The news has just come out that Opera is switching all of their browsers (both mobile and desktop) to use WebKit (specifically, Chromium). I’ve seen a lot of gnashing of teeth on Twitter and I feel like I can respond because I use to feel the same way back in 2008-2009. However this is 2013 and the Chrome/Chromium team has made it obvious that any form of stagnation or lack of innovation does not need to occur when using WebKit. In fact it possibly gives you the ability to accelerate your development, spending less time worrying about implementing common standards. I would argue that WebKit (a common framework for implementing the standards-compatible portion of a web browser) is exactly like jQuery (a common framework for implementing a DOM standards-compatible experience in a web page) at this point.
These are a few arguments against the switch that I’ve seen so far:
A browser switching to WebKit will result in stagnation
That is demonstrably not true. KDE created KHTML, Apple created WebKit based upon that, Google created WebKit/Chromium based upon that. I don’t think anyone can successfully argue that Chome/Chromium isn’t a better browser than Safari which isn’t a better browser than Konqueror. The Chrome team has proved that stagnation when using WebKit is merely a choice, as a contributor to WebKit you have the complete ability to drive it in a direction you wish (often for the better). I see no reason why the highly-skilled development team at Opera won’t be able to do the same. They can implement a number of their Opera-specific features into WebKit and it’s likely that those features will start to trickle back into other WebKit-using browsers as well.
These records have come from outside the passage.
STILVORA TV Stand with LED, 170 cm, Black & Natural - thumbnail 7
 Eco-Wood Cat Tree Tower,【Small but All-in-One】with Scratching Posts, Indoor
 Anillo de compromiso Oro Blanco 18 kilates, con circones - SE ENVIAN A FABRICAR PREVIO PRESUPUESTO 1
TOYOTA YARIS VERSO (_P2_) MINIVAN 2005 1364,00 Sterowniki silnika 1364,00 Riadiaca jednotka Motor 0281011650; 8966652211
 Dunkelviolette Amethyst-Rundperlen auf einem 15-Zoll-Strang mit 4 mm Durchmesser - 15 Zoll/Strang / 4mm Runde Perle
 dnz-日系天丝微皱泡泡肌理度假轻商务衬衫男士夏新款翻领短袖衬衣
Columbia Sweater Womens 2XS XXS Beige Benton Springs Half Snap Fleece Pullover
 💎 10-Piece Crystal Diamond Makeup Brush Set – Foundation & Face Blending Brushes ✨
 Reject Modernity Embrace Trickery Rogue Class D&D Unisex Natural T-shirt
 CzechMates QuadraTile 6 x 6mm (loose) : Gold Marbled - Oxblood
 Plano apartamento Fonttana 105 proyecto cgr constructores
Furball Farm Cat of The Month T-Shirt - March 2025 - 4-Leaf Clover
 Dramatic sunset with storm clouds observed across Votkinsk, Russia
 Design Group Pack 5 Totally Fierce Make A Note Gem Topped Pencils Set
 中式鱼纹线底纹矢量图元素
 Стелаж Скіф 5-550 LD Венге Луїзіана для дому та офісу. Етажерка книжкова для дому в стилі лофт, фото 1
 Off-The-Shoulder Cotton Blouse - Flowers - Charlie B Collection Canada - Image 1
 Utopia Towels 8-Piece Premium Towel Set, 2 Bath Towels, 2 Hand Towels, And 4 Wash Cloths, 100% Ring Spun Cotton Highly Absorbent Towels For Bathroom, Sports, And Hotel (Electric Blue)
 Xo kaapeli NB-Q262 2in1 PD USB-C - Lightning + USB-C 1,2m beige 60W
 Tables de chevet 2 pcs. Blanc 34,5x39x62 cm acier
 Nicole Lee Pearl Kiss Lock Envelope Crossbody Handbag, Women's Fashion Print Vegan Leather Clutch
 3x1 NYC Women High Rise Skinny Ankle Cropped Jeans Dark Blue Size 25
This is helping to making WebKit a de facto standard, bugs-and-all
I don’t see this argument as being relevant any more, WebKit is already a de facto standard. I mean, everyone remembers when the browsers decided to implement
-webkit vendor prefixes? It’s obvious that the “WebKit is an de facto standard” horse has already left the gate. As to the bugs: WebKit is a common code base that a number of browsers contribute to, however every browser vendor has the ability to make changes to their own fork of the code base. I see no reason why these “now-standard” WebKit bugs wouldn’t be fixed by any single vendor. Having a bug in the engine does not mean that a single browser vendor is incapable of fixing it — they would just be willfully not fixing it (as the browser vendors currently willfully clone
This will affect Opera’s ability to influence standards
I don’t see the switch to WebKit causing this. I do see Anne van Kesteren‘s move to Mozilla as being a massive blow to Opera’s ability to push standards though. I don’t know anything about the situation but if his moving was caused by the switch to WebKit then yes, Opera’s move to WebKit has affected their ability to influence standards.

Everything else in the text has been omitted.